Records supplied:
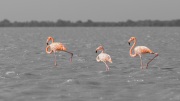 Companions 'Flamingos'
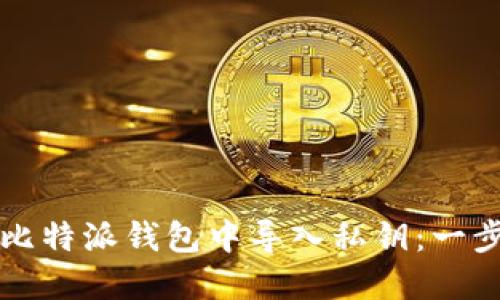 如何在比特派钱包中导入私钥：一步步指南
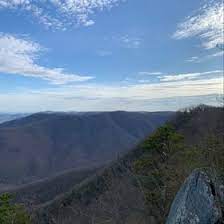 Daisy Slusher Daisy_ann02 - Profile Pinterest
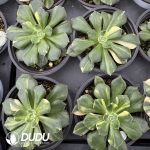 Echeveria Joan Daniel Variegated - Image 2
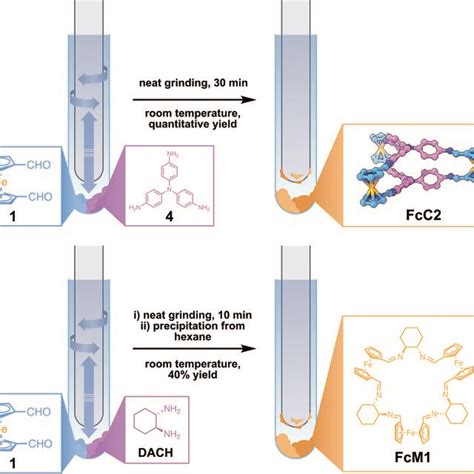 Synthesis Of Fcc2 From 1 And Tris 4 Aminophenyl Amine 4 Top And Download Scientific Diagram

About this exercise: In your answer, print the entries above exactly, with the pictures left out.

Task result:
 Companions 'Flamingos'
 如何在比特派钱包中导入私钥：一步步指南
 Daisy Slusher Daisy_ann02 - Profile Pinterest
 Echeveria Joan Daniel Variegated - Image 2
 Synthesis Of Fcc2 From 1 And Tris 4 Aminophenyl Amine 4 Top And Download Scientific Diagram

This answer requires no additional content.